- [WHAT IS REQUIRED] Only the pictures are dropped. Restate each line below word for word.

- [DATA EXTRACT]
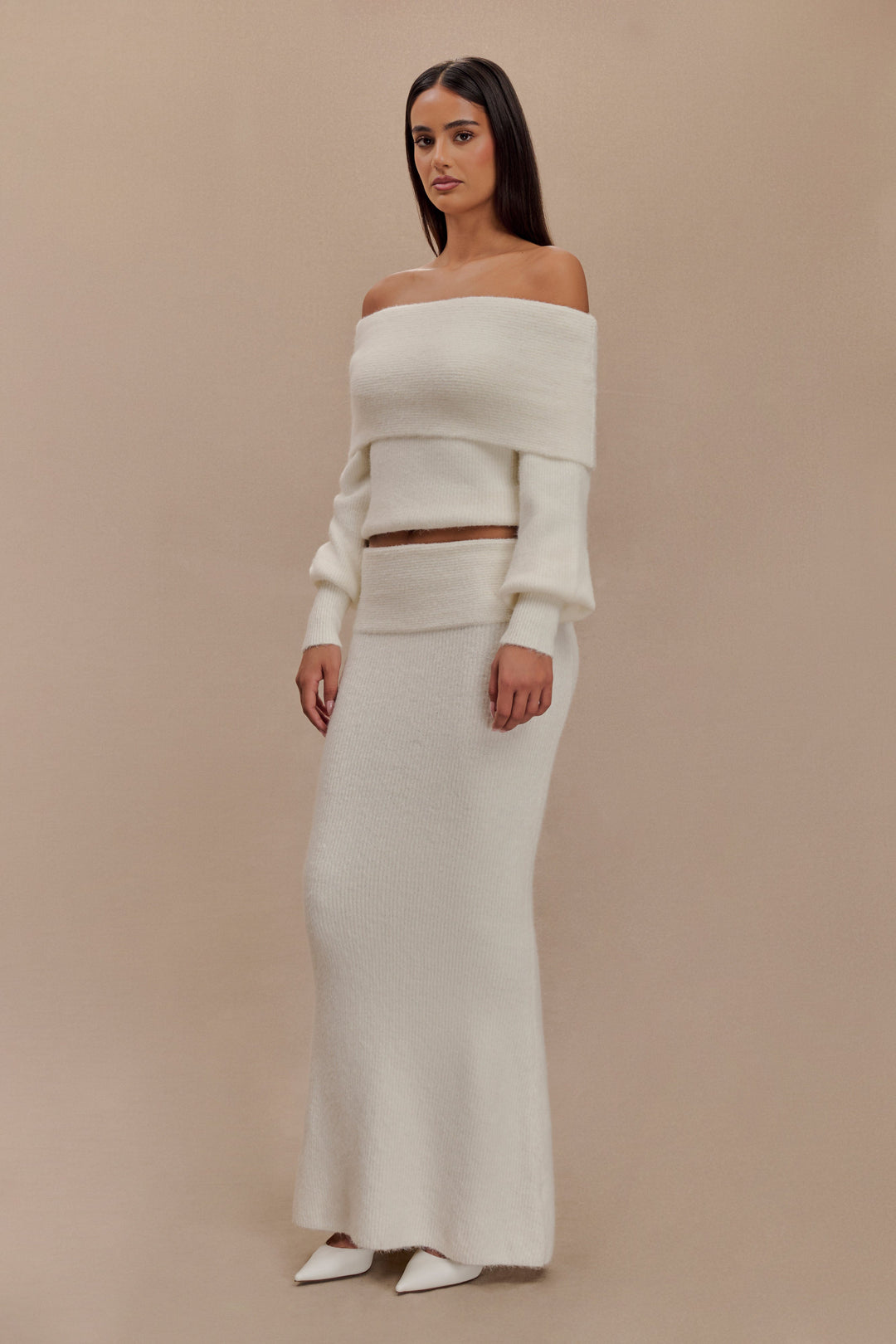 HOLLY | Off shoulder Knit Set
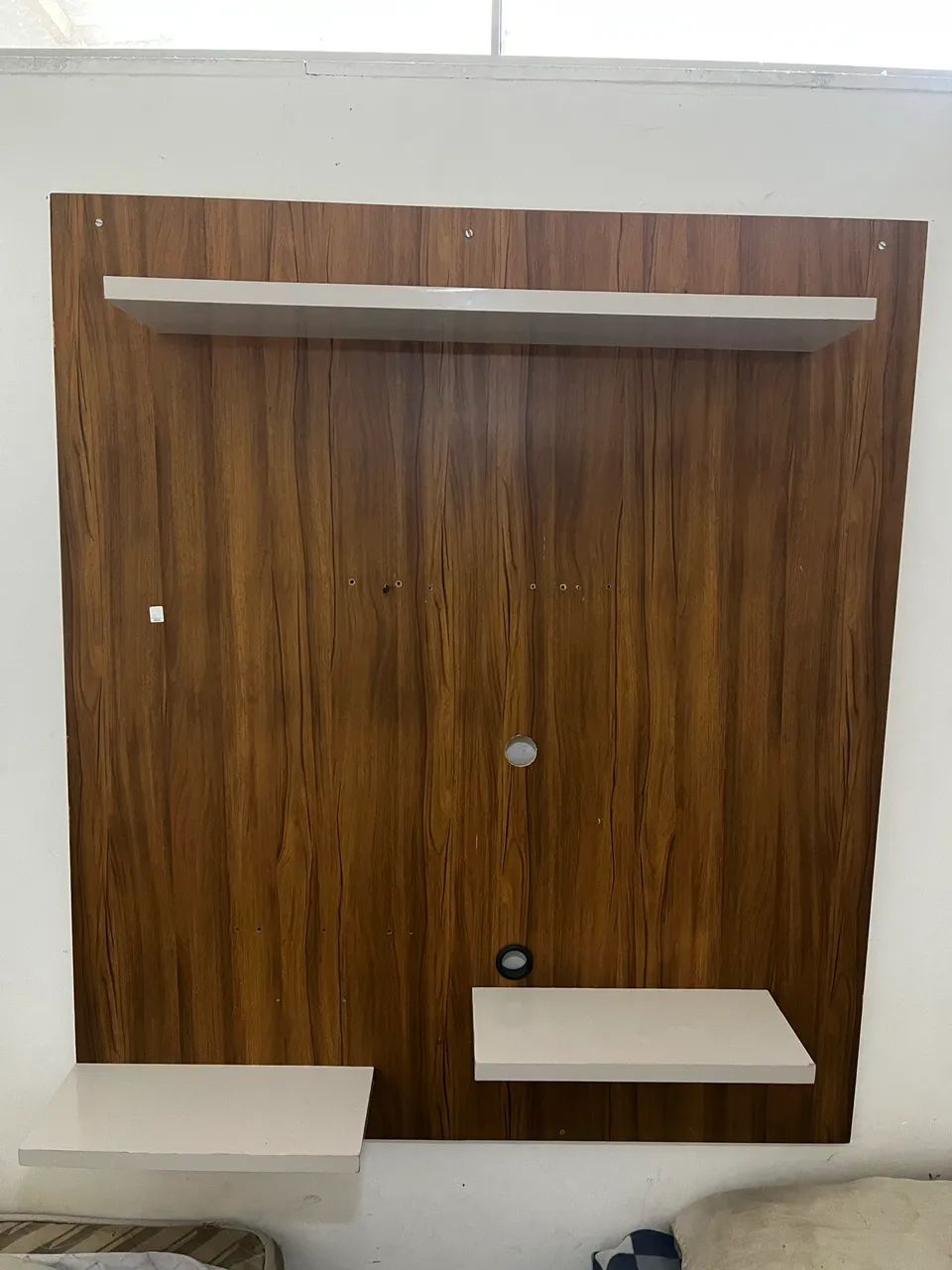 painel / prateleira de madeira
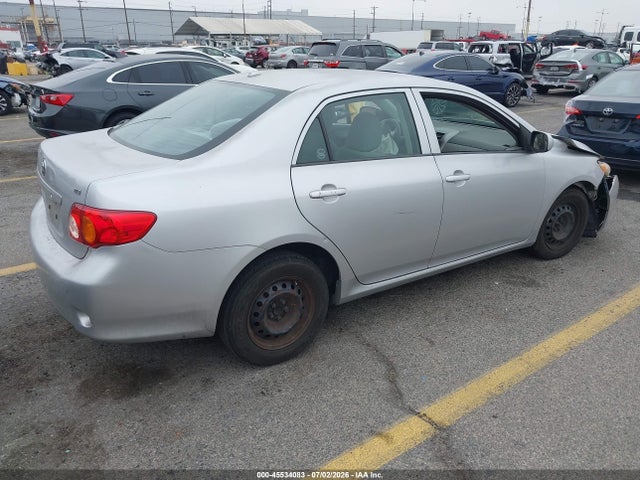 2010 Toyota COROLLA LE photo 4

- [PROBLEM SOLUTION]
 HOLLY | Off shoulder Knit Set
 painel / prateleira de madeira
 2010 Toyota COROLLA LE photo 4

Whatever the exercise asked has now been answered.